Semaphorin heterodimerization in cis regulates membrane targeting and neocortical wiring

Abstract

Disruption of neocortical circuitry and architecture in humans causes numerous neurodevelopmental disorders. Neocortical cytoarchitecture is orchestrated by various transcription factors such as Satb2 that control target genes during strict time windows. In humans, mutations of SATB2 cause SATB2 Associated Syndrome (SAS), a multisymptomatic syndrome involving epilepsy, intellectual disability, speech delay, and craniofacial defects. Here we show that Satb2 controls neuronal migration and callosal axonal outgrowth during murine neocortical development by inducing the expression of the GPI-anchored protein, Semaphorin 7A (Sema7A).

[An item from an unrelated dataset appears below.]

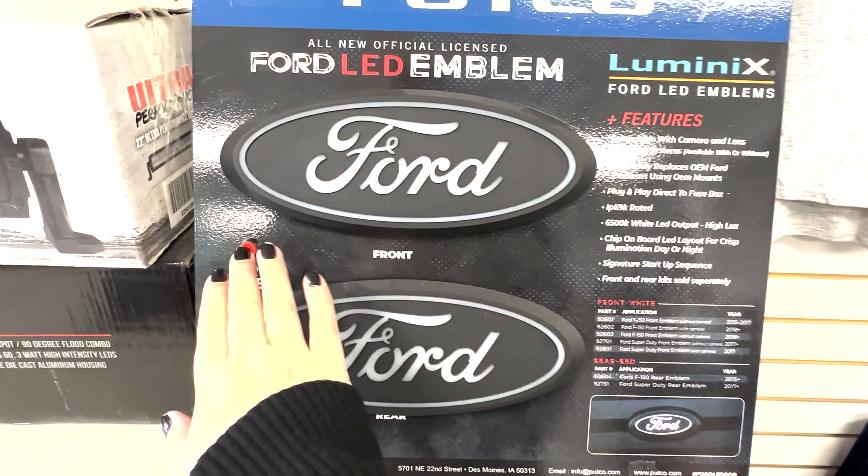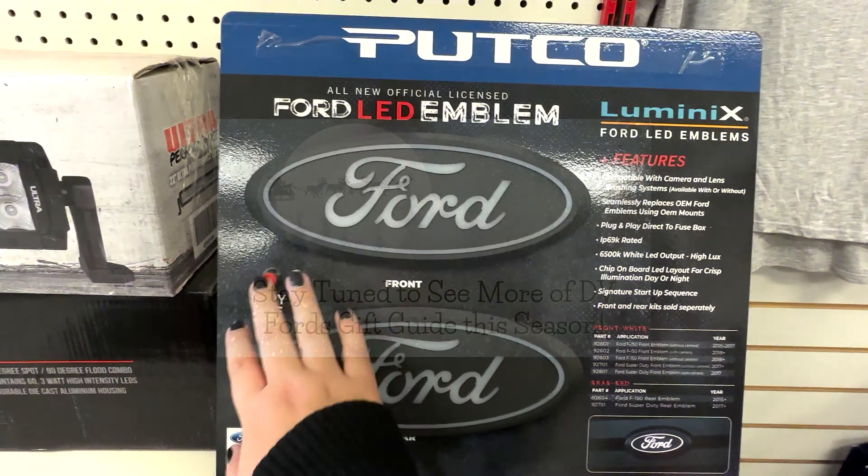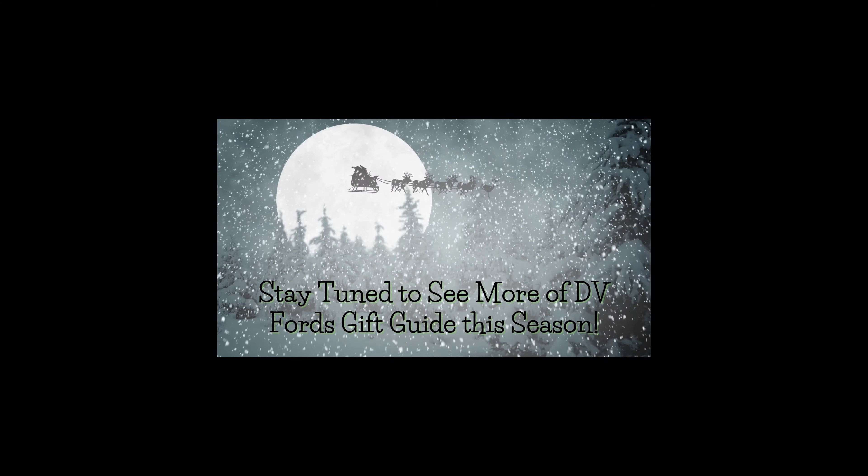Next up we have light up Ford emblems to pimp out your ride. Be sure to stay tuned to see more of our Christmas videos coming your way.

We find that Sema7A exerts this biological activity by heterodimerizing in cis with the transmembrane semaphorin, Sema4D. We could also observe that heterodimerization with Sema7A promotes targeting of Sema4D to the plasma membrane in vitro. Finally, we report an epilepsy-associated de novo mutation in Sema4D (Q497P) that inhibits normal glycosylation and plasma membrane localization of Sema4D-associated complexes. These results suggest that neuronal use of semaphorins during neocortical development is heteromeric, and a greater signaling complexity exists than was previously thought.

Fig. 1. Semaphorin7A is downstream of Satb2 and can restore migration and axon projection in Satb2 deficient neurons.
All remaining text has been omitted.